Speaking at meeting of the U.N. Security Council in New York, Tillerson rebuked the North Korean representative's assertion that the United States is to blame for tensions between the two countries.

"There is no doubt that the DPRK's pursuit of a nuclear arsenal is in clear violation of international law, directly challenges the global nonproliferation regime, and greatly threatens international peace and security," he said, using an acronym North Korea uses to refer to itself.

Tillerson said North Korea must be "held accountable" for illegal detonation of nuclear devices and launching intercontinental ballistic missiles.

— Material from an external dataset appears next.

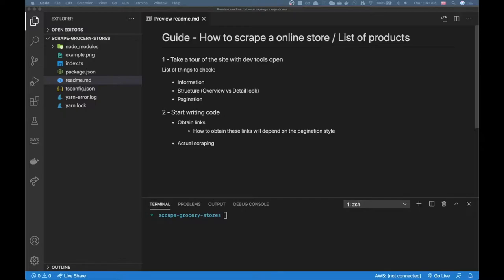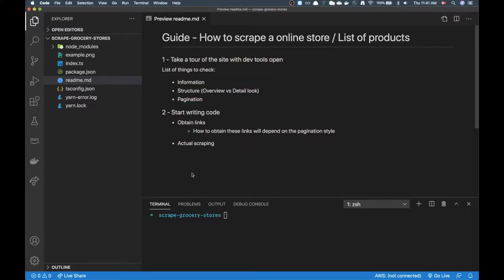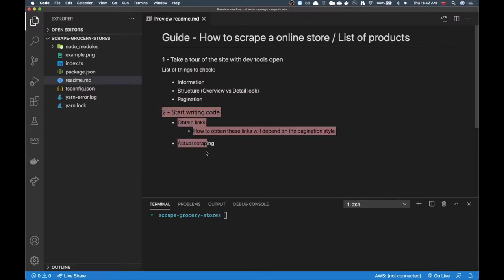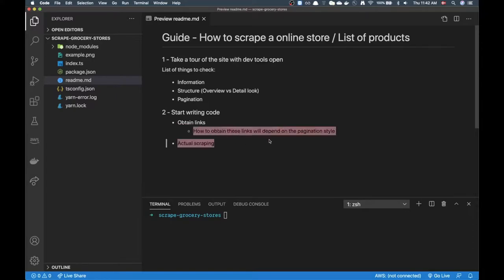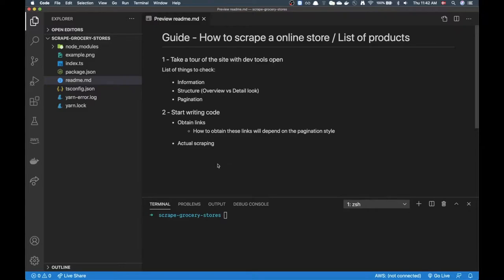The focus is going to be on a basic online store with no login authentication or tricky parts — just some very basic scraping of products. I'll create a little readme file to take you through the steps. I've basically separated it into two steps: first, take a tour of the site with dev tools open to check information structure and pagination, then jump into step two where we grab the links for the different products and write up the actual scraping code.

"There is but one party that has been targeted with punishment and penalties through the most vigorous regime sanction ever enacted, and that is the Kim [Jong Un] regime in North Korea. They alone are responsible for these tensions, they alone must take responsibility for these tensions, and they alone can solve these tensions," he added

Earlier this week, Tillerson said that while the United States cannot tolerate a nuclear-armed regime, it is unrealistic to expect the regime to dismantle its nuclear program before holding talks. He showed willingness to sit down with the North "with no preconditions."

He appeared to change course Friday, saying any talks must be preceded by a "sustained cessation of North Korea's threatening behavior." In the meantime, countries must continue sanctions to starve the nation of cash.

"North Korea must earn its way back to the table," Tillerson said. "The pressure campaign must, and will, continue until denuclearization is achieved. We will, in the meantime, keep our channels of communication open."